╭─ ENTRIES PROVIDED

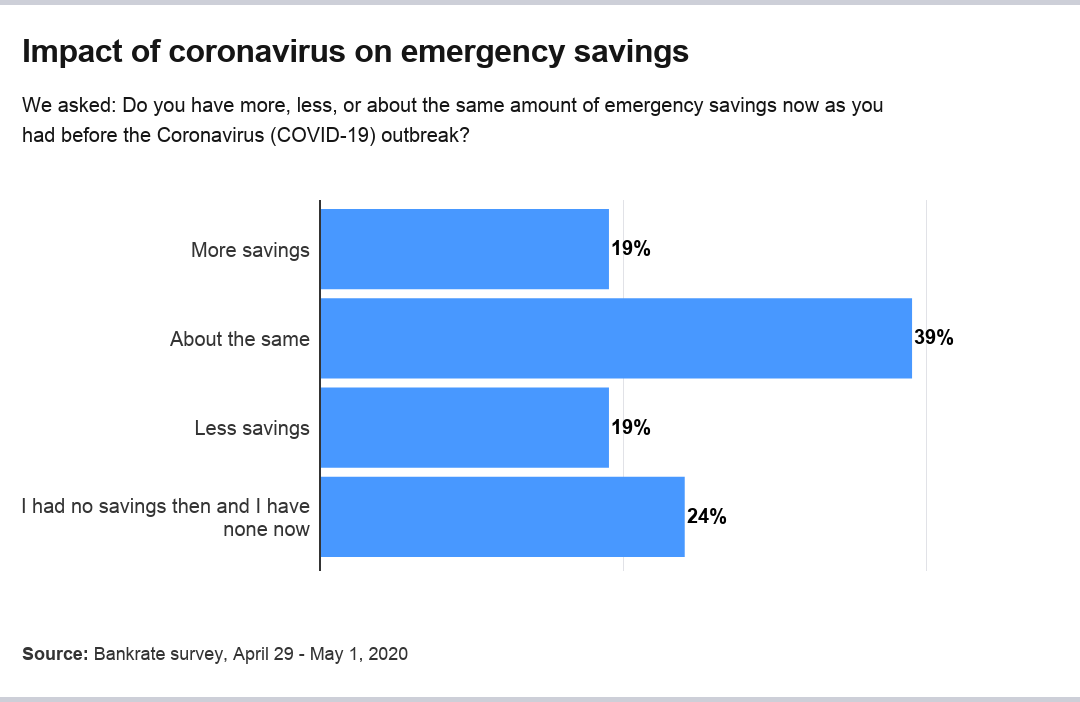 Coronavirus Impact: Bankrate Survey Reveals Income Declines for 30% of Americans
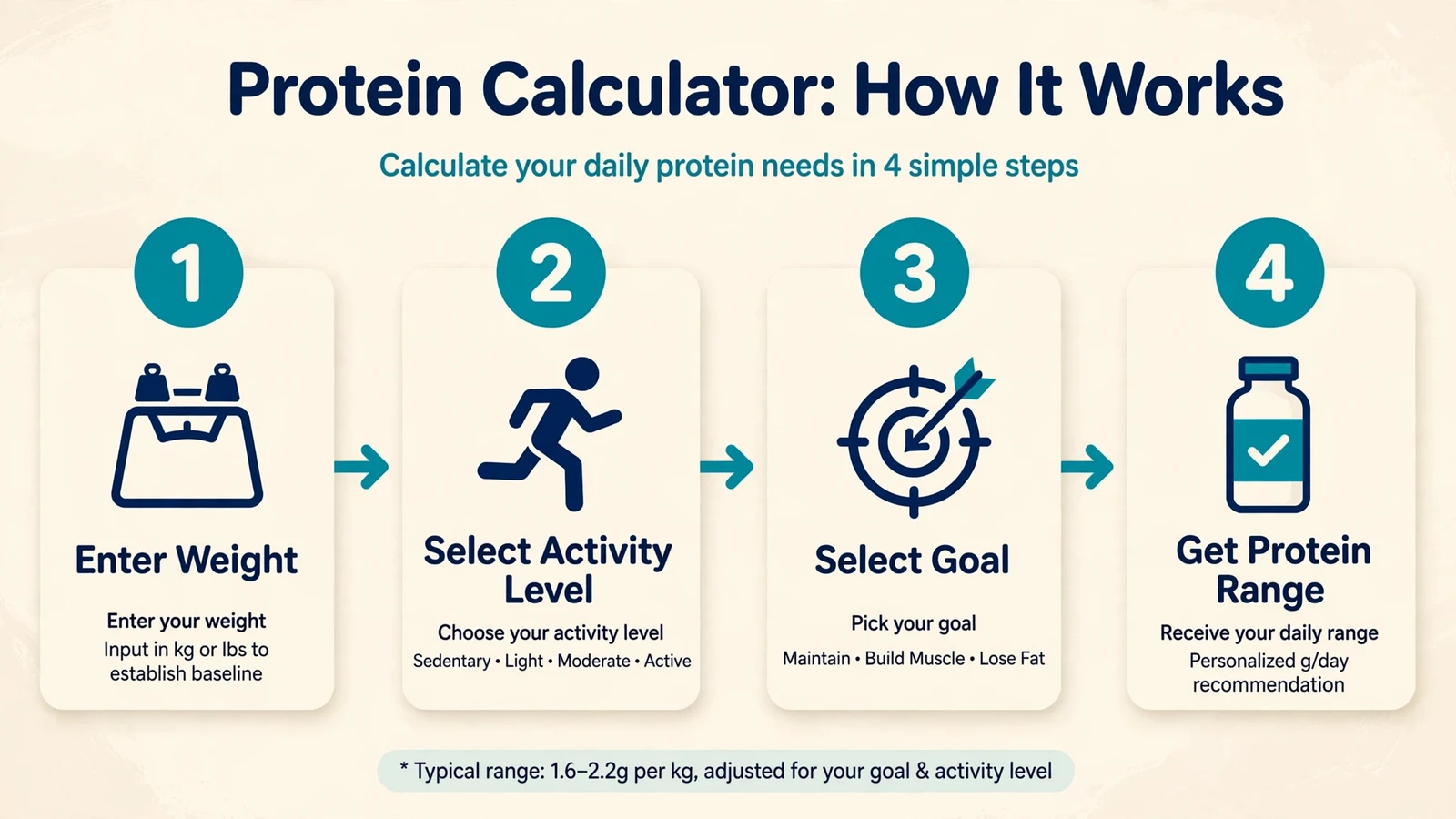 Protein intake calculator steps for setting your target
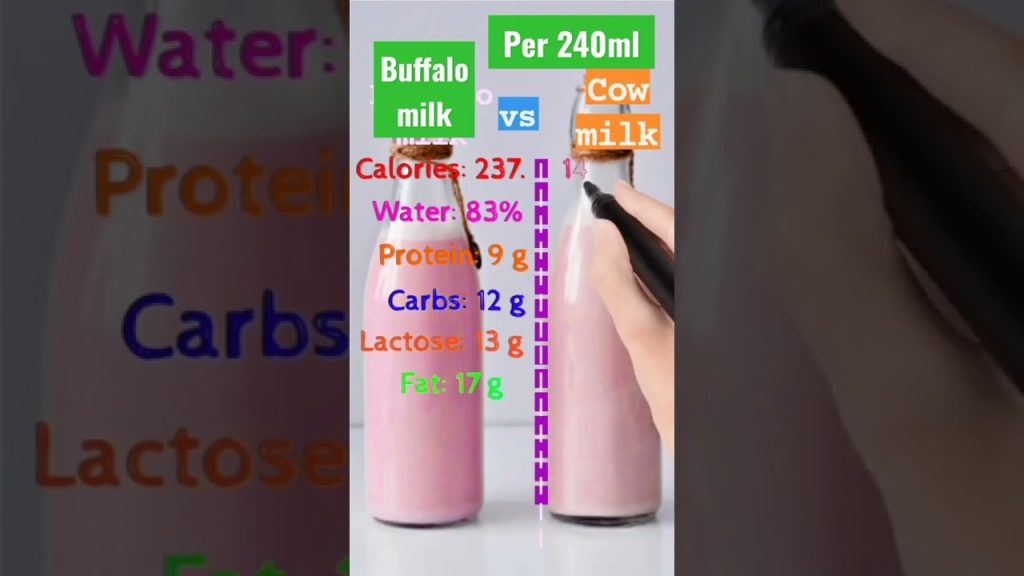 Buffalo milk vsCow milk#milk #milkbenefits #healthy #protein #nutrition #nutritionfacts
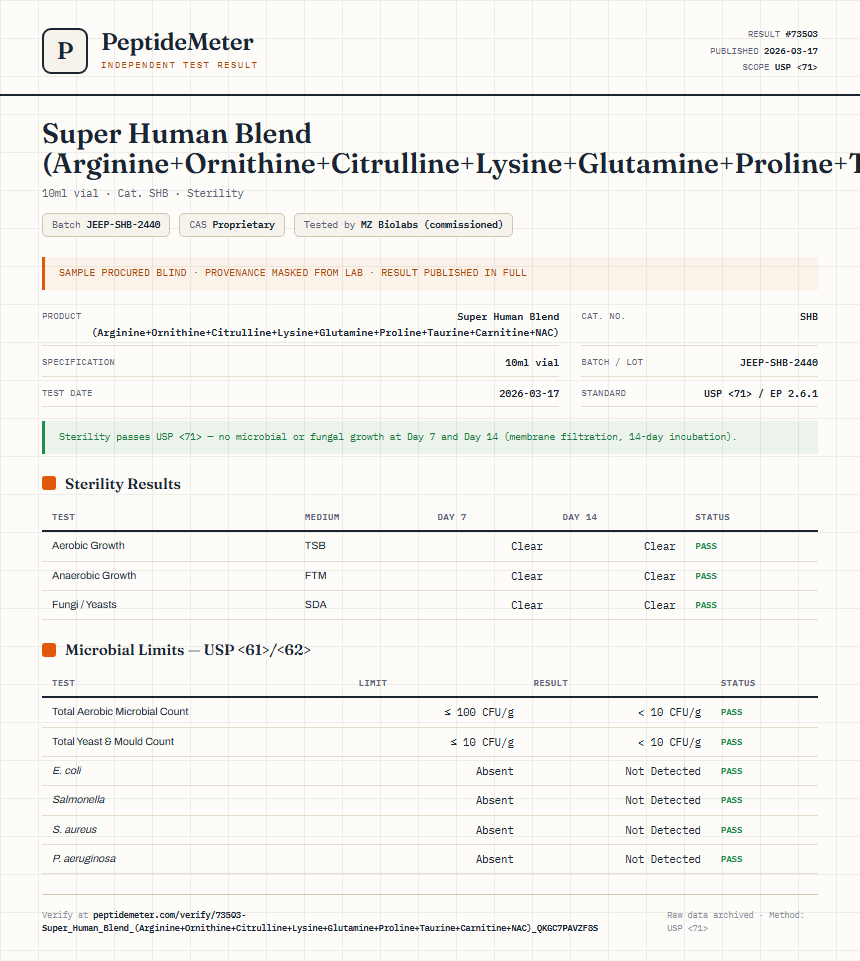 Super Human Blend (Arginine+Ornithine+Citrulline+Lysine+Glutamine+Proline+Taurine+Carnitine+NAC) Sterility report by PeptideMeter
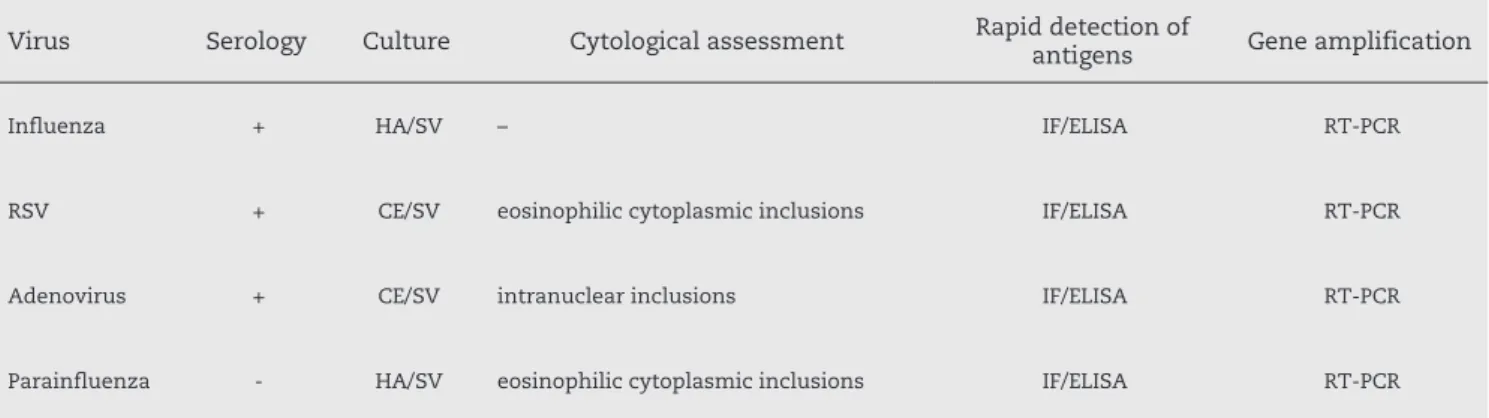 Table 1 – Options available for diagnostic investigation of the major pneumonia-causing viruses in the community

╰─

These entries are to be printed again word for word, except for the pictures.

■ **ANSWER BOX**:
 Coronavirus Impact: Bankrate Survey Reveals Income Declines for 30% of Americans
 Protein intake calculator steps for setting your target
 Buffalo milk vsCow milk#milk #milkbenefits #healthy #protein #nutrition #nutritionfacts
 Super Human Blend (Arginine+Ornithine+Citrulline+Lysine+Glutamine+Proline+Taurine+Carnitine+NAC) Sterility report by PeptideMeter
 Table 1 – Options available for diagnostic investigation of the major pneumonia-causing viruses in the community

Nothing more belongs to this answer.